# Shorts with Thin Chamois



## gearloose (Feb 25, 2007)

For the last several years I've worn Cannondale Classic Shorts on longer rides, 60 to 100 miles, because they have a thin chamois. These are their low end (cheapest) shorts. I've tried their more expensive shorts and those of other manufacturers, but the C'dale Classics and my derriere play well together for longer rides. Shorts with a thick chamois don't work for me over about 45 to 50 miles.

I learned recently that Cannondale is no longer selling their own shorts and have gone to Sugoi shorts. I tried a pair of the Sugois with their thinnest chamois, and they're OK but not great.

I have one pair of the C'dales left which I'm saving for centuries.

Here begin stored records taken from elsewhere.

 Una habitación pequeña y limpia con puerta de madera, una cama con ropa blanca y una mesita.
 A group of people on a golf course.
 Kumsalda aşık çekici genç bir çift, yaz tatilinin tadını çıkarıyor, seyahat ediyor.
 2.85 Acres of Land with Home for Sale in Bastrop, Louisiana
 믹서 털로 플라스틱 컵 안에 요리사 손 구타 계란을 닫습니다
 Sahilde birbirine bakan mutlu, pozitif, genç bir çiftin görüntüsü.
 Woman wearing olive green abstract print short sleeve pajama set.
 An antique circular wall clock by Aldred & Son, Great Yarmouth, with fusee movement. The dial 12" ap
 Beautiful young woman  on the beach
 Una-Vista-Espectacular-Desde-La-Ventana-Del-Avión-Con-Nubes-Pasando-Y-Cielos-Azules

Anyone out there like me who prefers a thin chamois? What brand/model are you wearing?


----------



## Mapei (Feb 3, 2004)

Yeah, my old Campy shorts have a thin chamois. They're also my least favorite shorts. I agree that the modern penchant for thick thick thick is kind of annoying but I have a feeling that that's what sells.


----------



## velodog (Sep 26, 2007)

Kucharik makes shorts with leather chamois, probably won't find anything thinner than that. They are in wool shorts. I haven't used a leather chamois in lots of years and know nothing about the Kucharik's except they are gonna be high maintenance.

Wool Shorts Traditional Kucharik

They also have a few different chamois and shorts, but you'd have to research those.


----------



## arai_speed (Aug 19, 2003)

Entry level DeMarchi stuff (sold at Competitive Cyclist) is pretty thin.


----------



## mtrac (Sep 23, 2013)

Nashbar's shorts have a thin chamois. I much prefer my thicker PIs for longer rides but they're also 3x the cost.

Nashbar Isolation Shorts


----------



## Got Time (Jan 23, 2009)

Get some "Tri" stuff -- those have usually a thin chamois
(e.g., Castelli Body Paint Tri shorts)


----------